INSTRUCTIONS FOR THE TASK
Please set down only the lines running from the one with "Waterproof Gold Plated" through the last line of the entries, exactly as written and without any pictures.

TASK MATERIAL
--- START ---
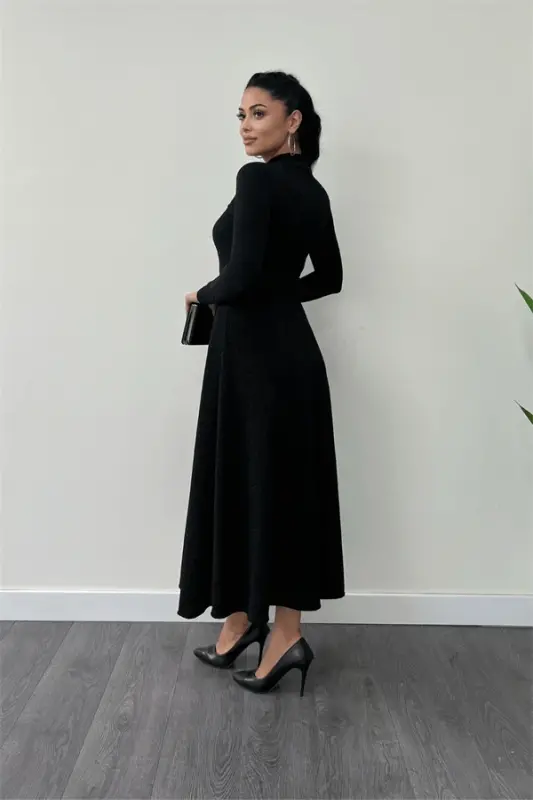 Glitter Crepe Fabric Button Detailed Midi Dress - BLACK - 5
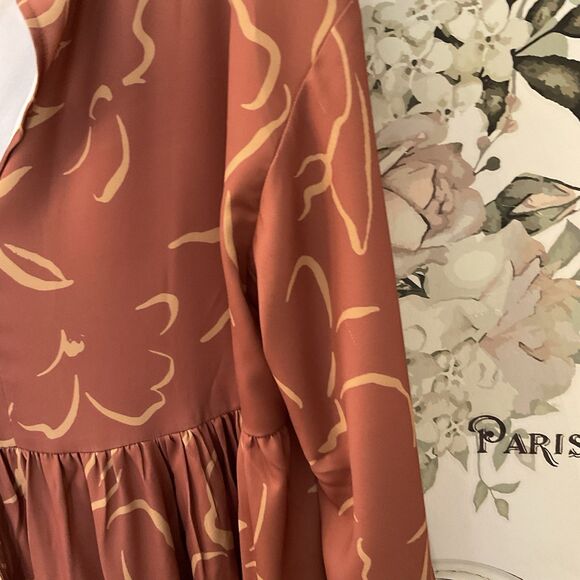 NAP Abstract Maxi Dress Empire Waist Long Sleeves Rust, Size L NWT - Picture 10 of 16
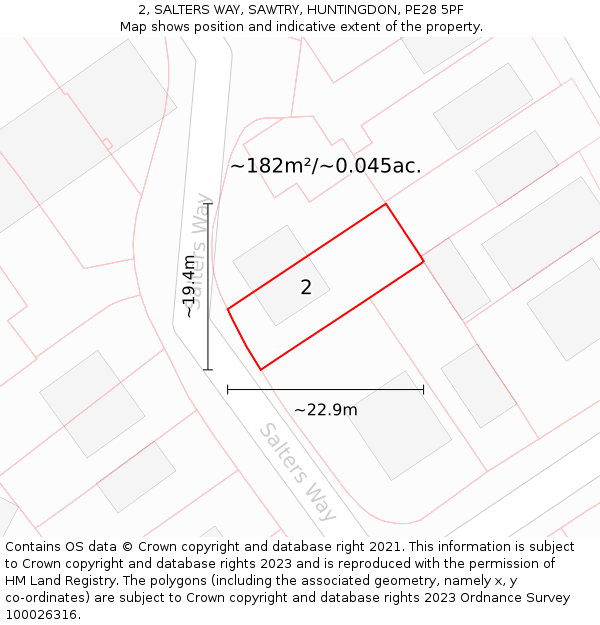 2, SALTERS WAY, SAWTRY, HUNTINGDON, PE28 5PF: Plot and title map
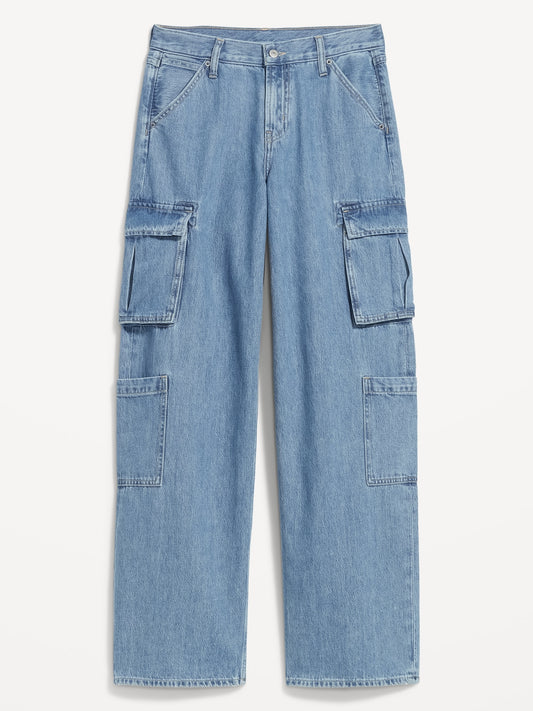 Mid-Rise Baggy Wide-Leg Cargo Jeans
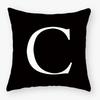 Black White Letters Sofa Decorative Cushion Cover Pillow Pillowcase Polyester 45*45Cm Throw Pillow Home Decor Pillowcover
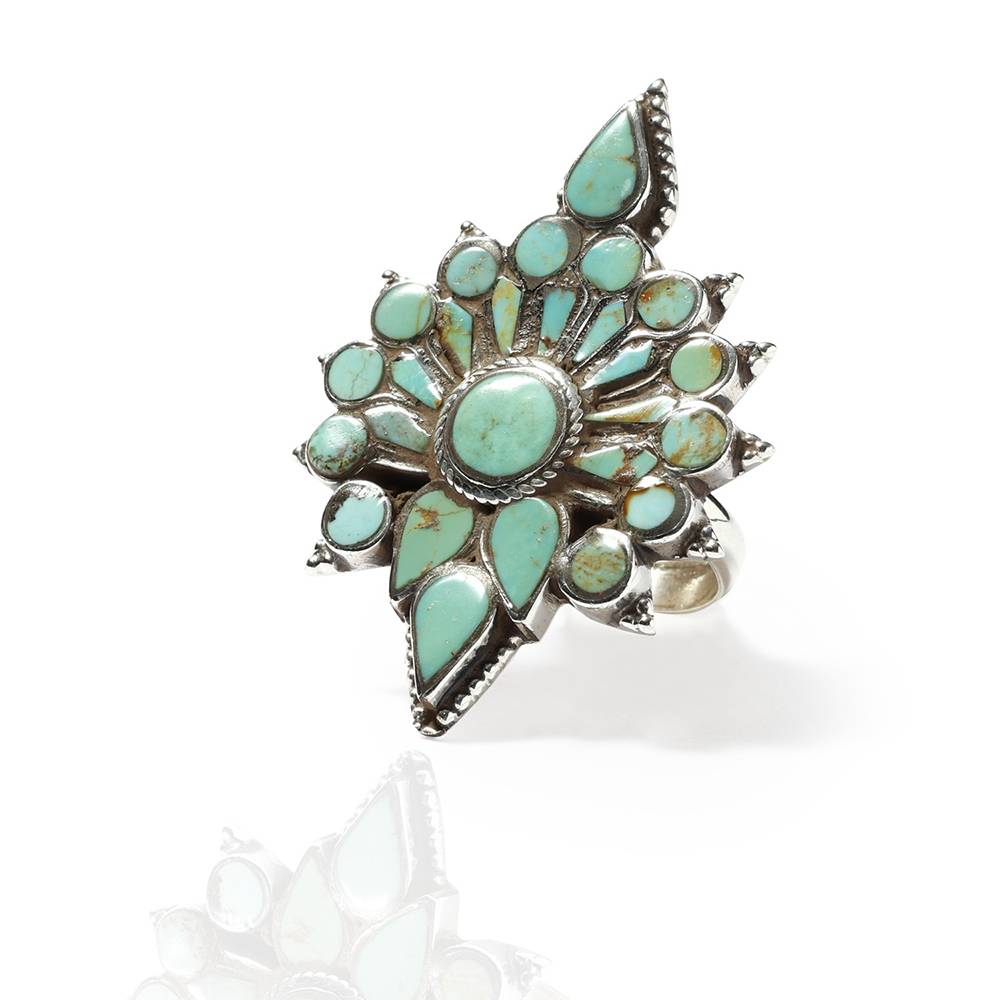Sterling Silver Ring With Adjustable Floral Turquoise Gemstone : LDD342-7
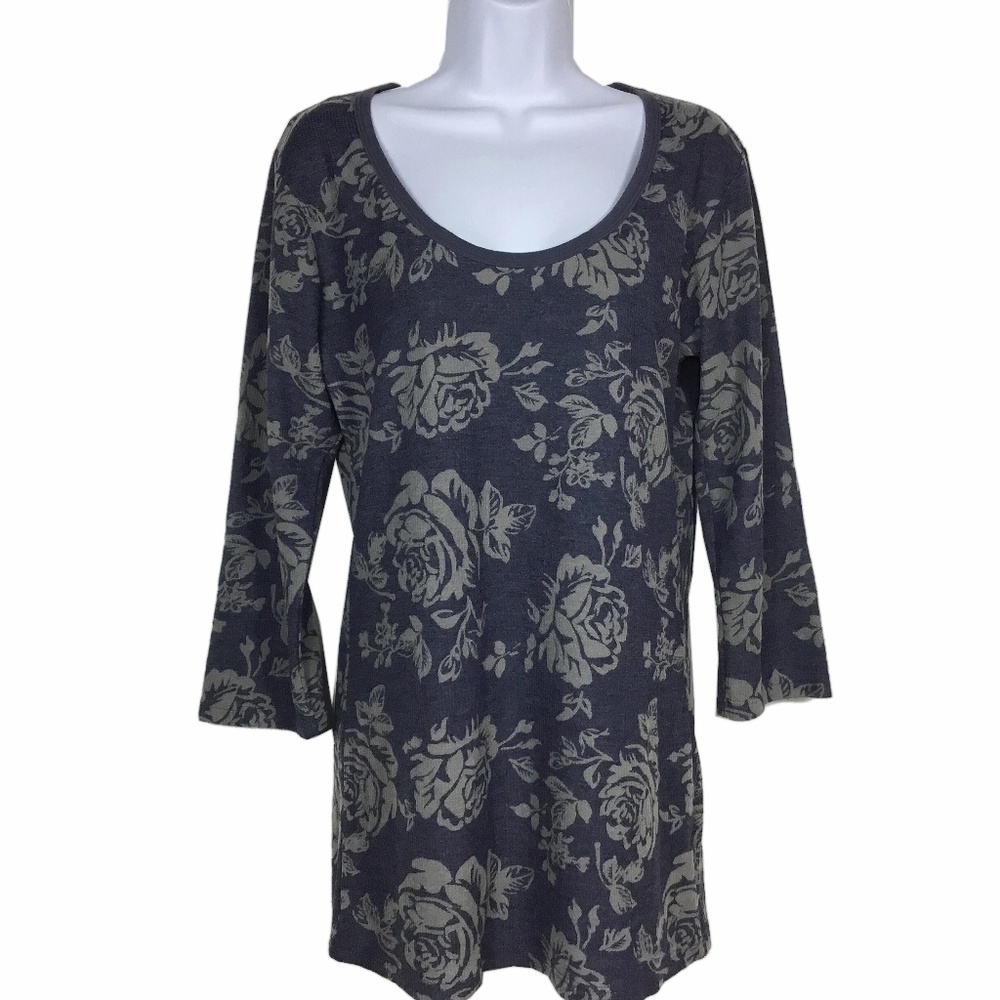 Erge Design Floral Rose Print Blue Gray Top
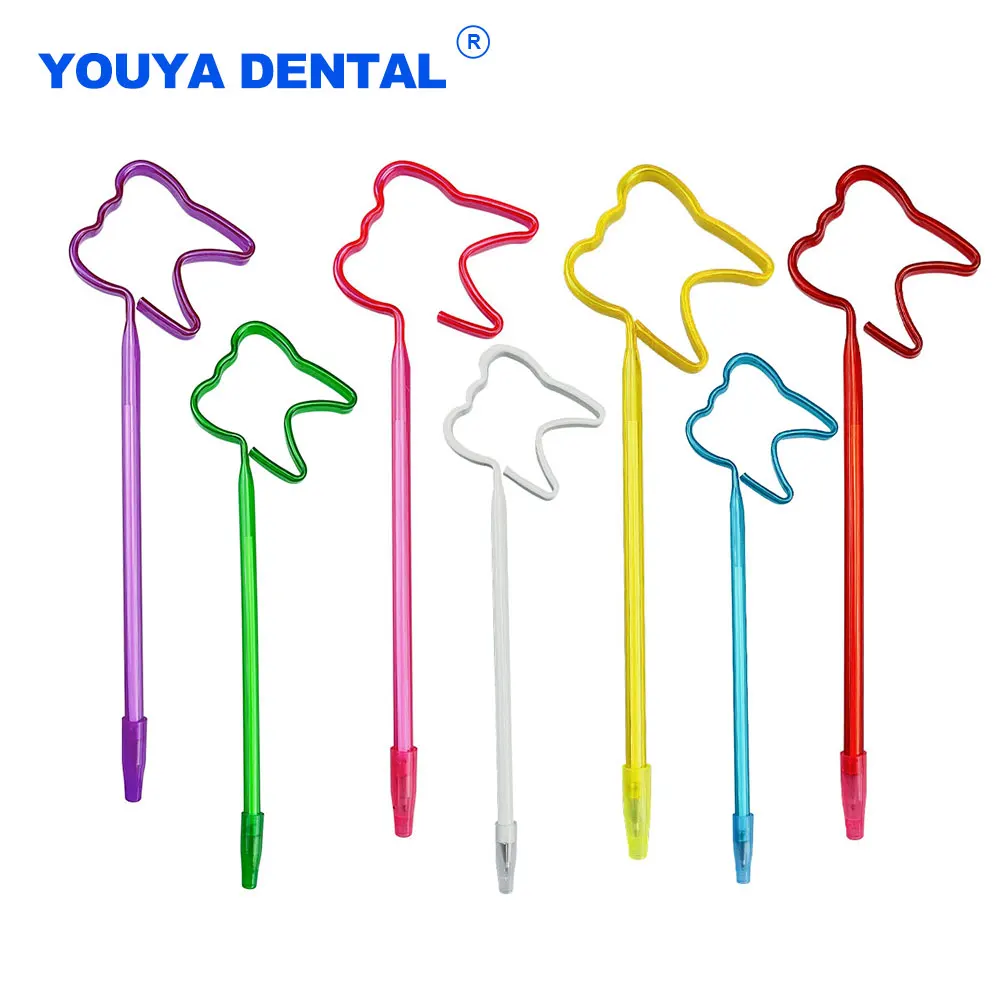 10pcs/lot Cute Roller Ball Pen Dental Creative Tooth Shape Ballpoint Pen Refill Pens Dentistry Dentist Clinic Medical lab kids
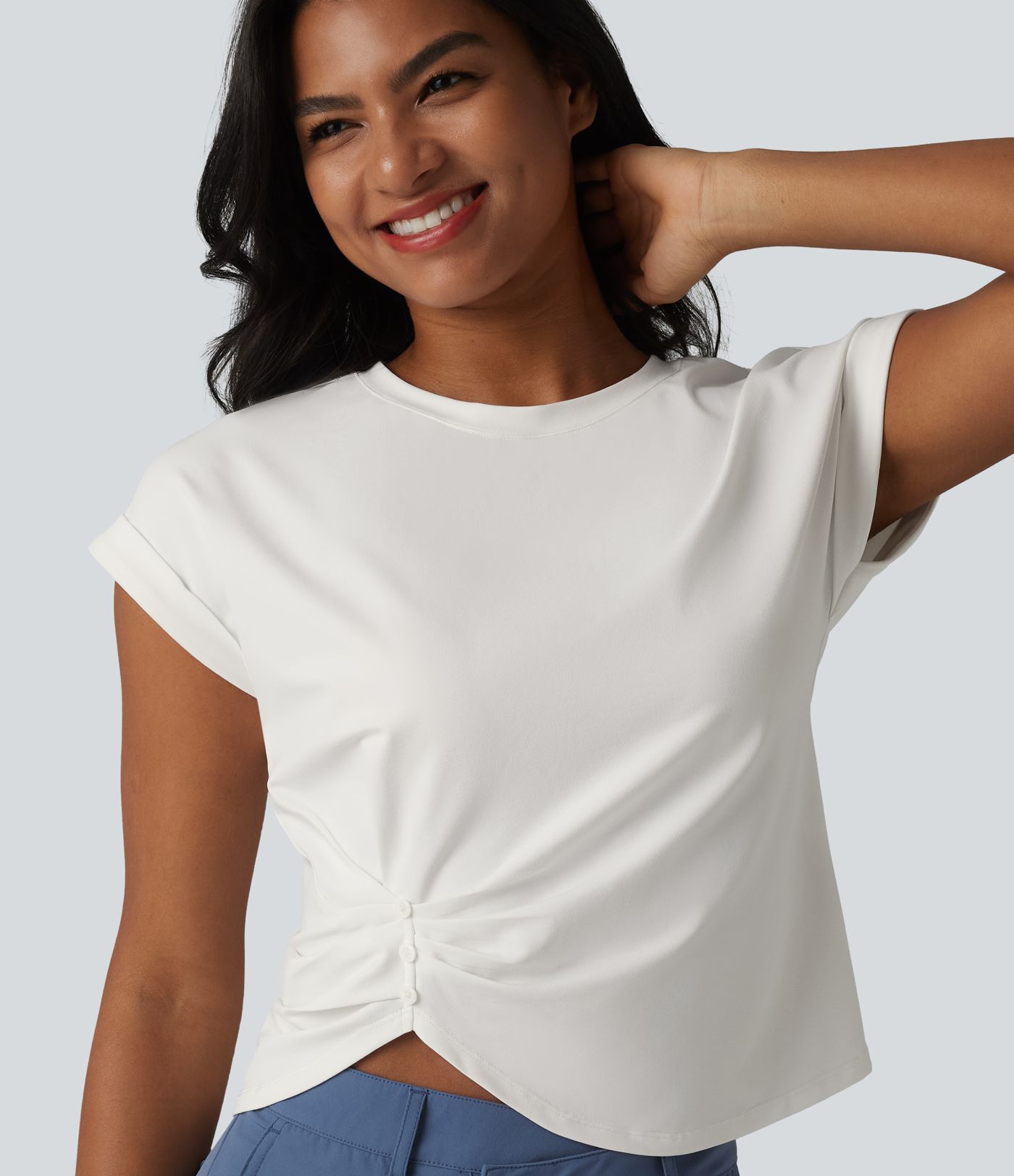 Round Neck Short Sleeve Curved Split Hem Casual T-Shirt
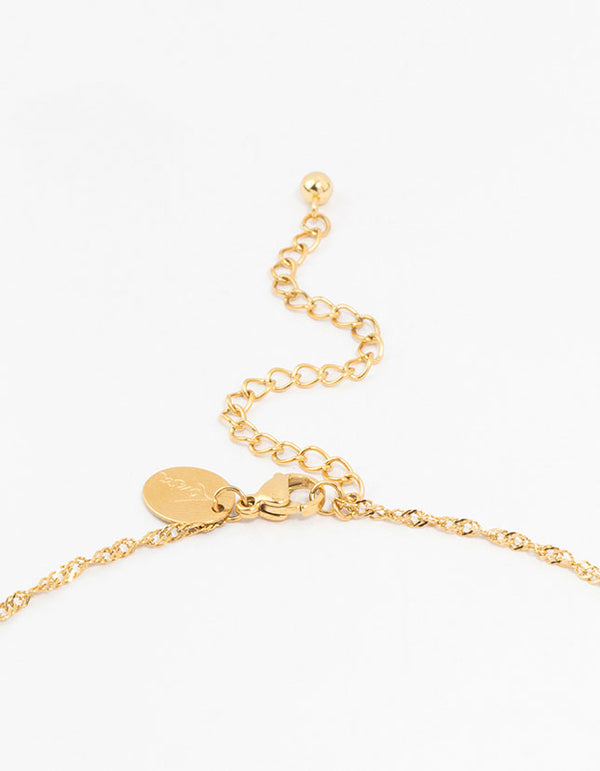 Waterproof Gold Plated Stainless Steel Heart Pendant Necklace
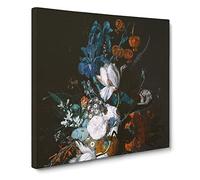 Still Life With Flowers Vol.12 by Jan van Huysum Canvas Print | Gallery Wrapped 30mm Frame Wall Art | 14x14 inches | Ready to Hang | Classic Floral Picture | Living Room Bedroom Lounge Office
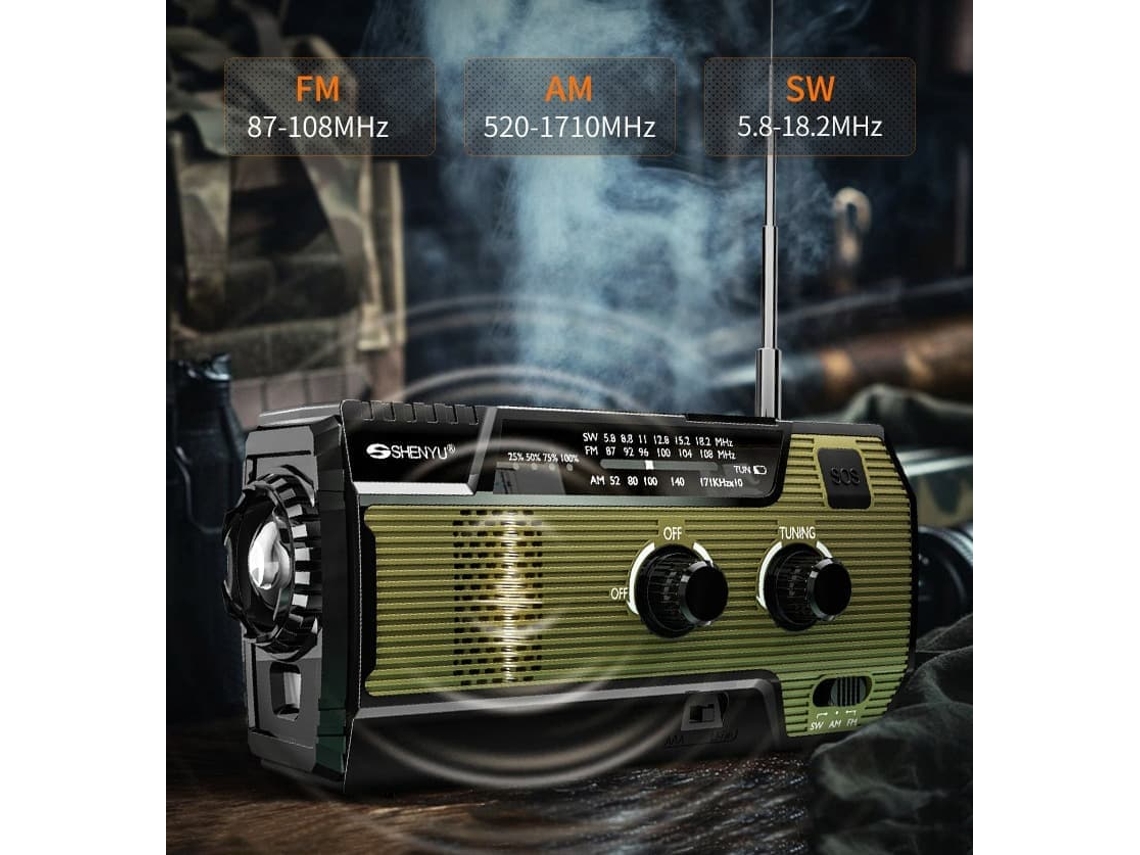 Rádio de emergência AQUAFORGE com manivela, bateria 4000mah, solar, lanterna led e sos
--- END ---
PROBLEM SOLUTION
 Waterproof Gold Plated Stainless Steel Heart Pendant Necklace
 Still Life With Flowers Vol.12 by Jan van Huysum Canvas Print | Gallery Wrapped 30mm Frame Wall Art | 14x14 inches | Ready to Hang | Classic Floral Picture | Living Room Bedroom Lounge Office
 Rádio de emergência AQUAFORGE com manivela, bateria 4000mah, solar, lanterna led e sos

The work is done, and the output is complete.